Industry likes to simplify. The cheaper and simpler we can make apprenticeships, the more employers will embrace them. Give employer a choice “modern apprenticeships” with “unit standards” or a simple traditional time based system. See which approach wins out.

Utilise the Military

Fifthly we should expand the one area where government should play a role in apprentice training-the military. The Army, Navy and Air Force used to train hundreds of diesel mechanics, radio technicians, aircraft engineers, carpenters, chefs and sign writers. Some industries, such as aircraft maintenance were built largely on ex military staff.

The forces have the infrastructure and the skill base to turn out highly skilled people and we’re paying for it through our taxes anyway.

In the late 80s the Government abolished the Army cadet scheme and with it most of the army’s apprenticeship programme. Today the army employs approximately 10 apprentices a year. The situation is not much better in the Navy or what used to be our Air Force.

The coming ACT/National Government should immediately implement an extensive system of military apprenticeships. This would help both the military and future civilian employers. It would also very inexpensively increase the pool of military trained people for any future defence emergencies.

Some funding for this could come from part of the education vote which remains unspent each year.
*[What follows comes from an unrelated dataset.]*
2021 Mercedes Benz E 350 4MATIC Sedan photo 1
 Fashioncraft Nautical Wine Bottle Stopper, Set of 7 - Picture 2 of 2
Some of the rest could come from an unused student loan budget.

Conclusion

Not training apprentices costs us all. It costs us economically, through lost production and under utilization of training resources and personnel.

It costs us socially, through increased crime and anti social behavior.

Most importantly it cost thousands of young people an opportunity to build a better future for themselves and their families.

There are thousands of employers who would like to train more apprentices. There are thousands of parents who would love to see their teens in trade training. There are tens of thousands of school leavers every year who could and should be ”doing their time”. There are millions of taxpayers who would rather see their burden shared by thousands of apprentices than be forking out billions on student loans.

Politicians must realize that the people who would gain from the restoration of a real apprenticeship system, far outnumber the education bureaucrats and training providers who might lose out.

Any politician prepared to champion the apprenticeship cause will earn a lot of friends.

The near destruction of the New Zealand apprenticeship system was an act of incredible folly. Let’s not perpetuate the mistake.

Apprenticeship is an overlooked institution. Like marriage, it is a bed rock of society and like marriage, it is in trouble.

I hope ACT will seize the opportunity to champion the traditional apprenticeship system. I believe there are votes in it. I believe it would help ACT’s image to promote such a positive and popular idea.

But bugger all that, we are a party that does things because they are right.

What more reason do we need?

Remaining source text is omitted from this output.